____ Exercise data
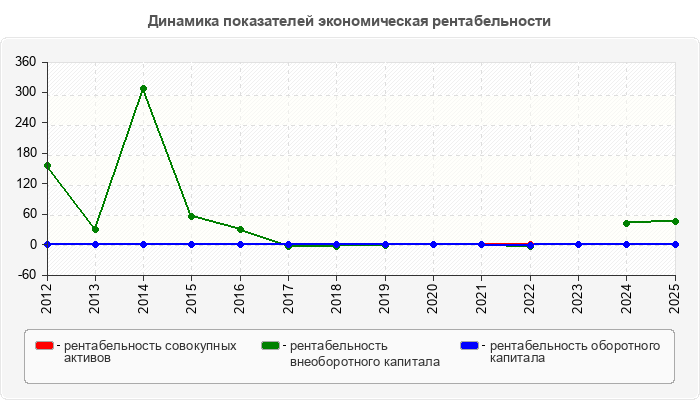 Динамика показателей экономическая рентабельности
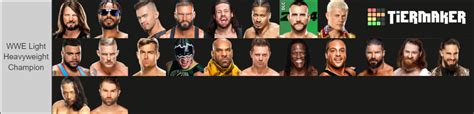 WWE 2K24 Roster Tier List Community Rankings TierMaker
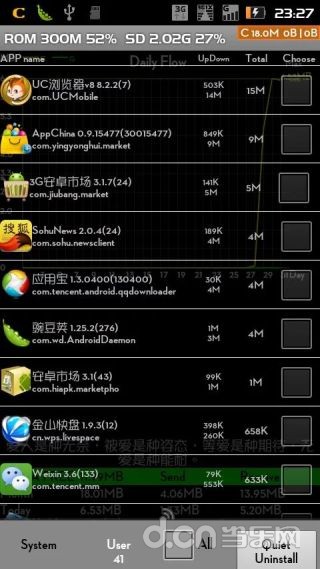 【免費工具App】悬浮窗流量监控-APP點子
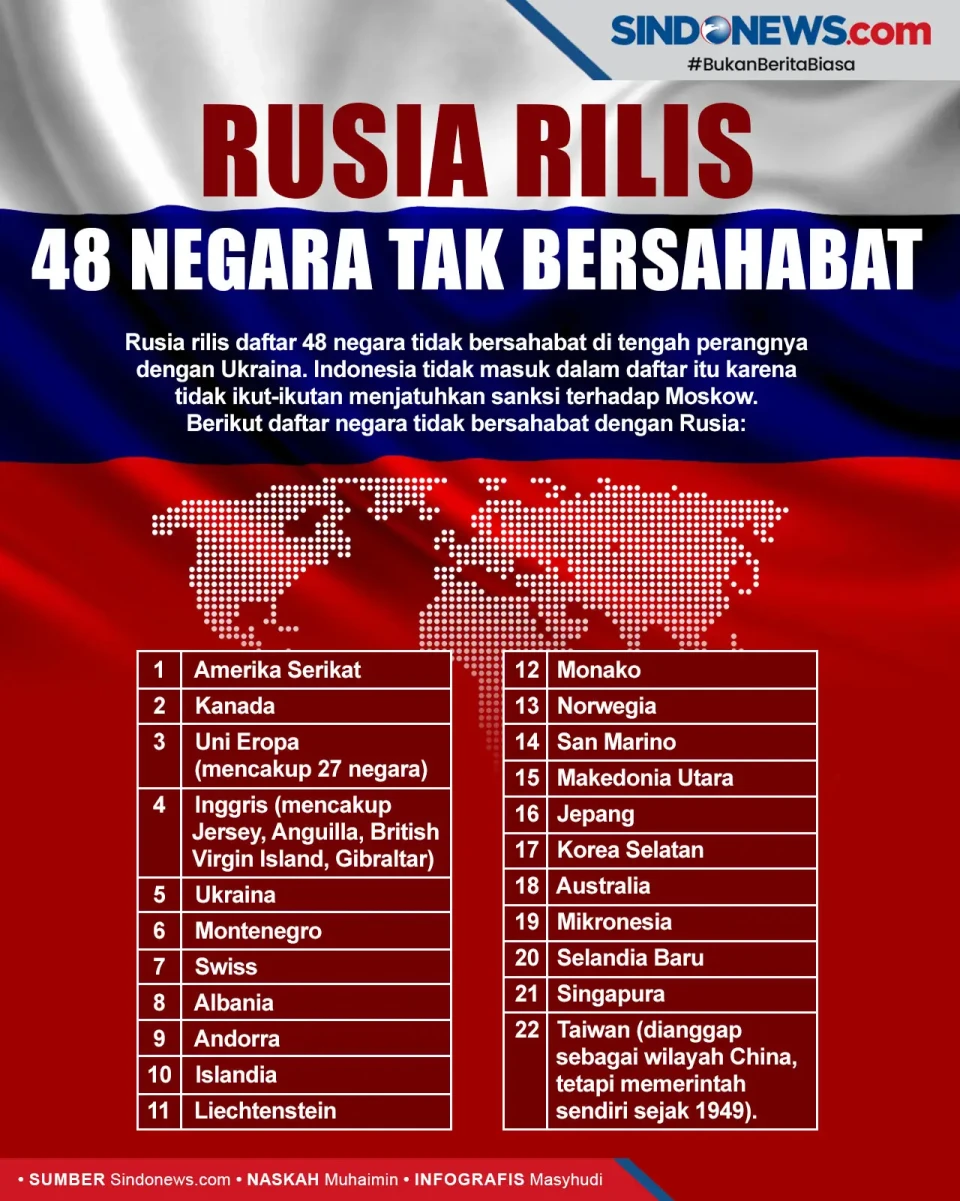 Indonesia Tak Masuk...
________
→ Try it
Please produce an exact copy of the listing, omitting the pictures.

→ Problem solution
 Динамика показателей экономическая рентабельности
 WWE 2K24 Roster Tier List Community Rankings TierMaker
 【免費工具App】悬浮窗流量监控-APP點子
 Indonesia Tak Masuk...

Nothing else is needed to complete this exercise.